*** Opening Records shown ***

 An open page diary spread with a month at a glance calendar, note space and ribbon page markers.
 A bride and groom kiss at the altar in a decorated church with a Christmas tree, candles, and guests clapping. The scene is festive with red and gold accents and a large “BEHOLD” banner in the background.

*** Closing Records shown ***
*** Opening Records shown ***

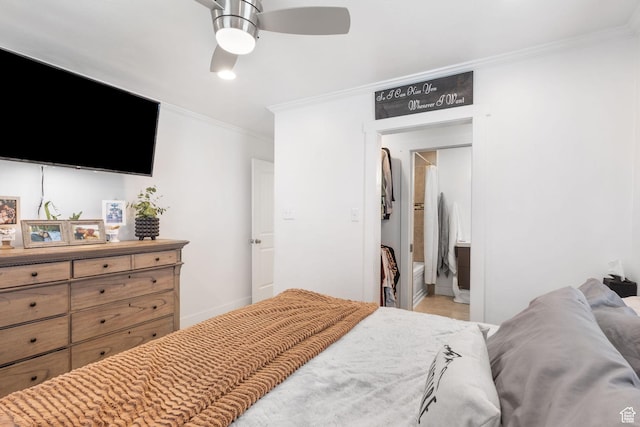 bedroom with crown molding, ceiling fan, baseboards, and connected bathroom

*** Closing Records shown ***

Your task:
Go through the material above and output exactly the lines from the one containing "An open page" through the one containing "A bride and".

Answer to this problem:
 An open page diary spread with a month at a glance calendar, note space and ribbon page markers.
 A bride and groom kiss at the altar in a decorated church with a Christmas tree, candles, and guests clapping. The scene is festive with red and gold accents and a large “BEHOLD” banner in the background.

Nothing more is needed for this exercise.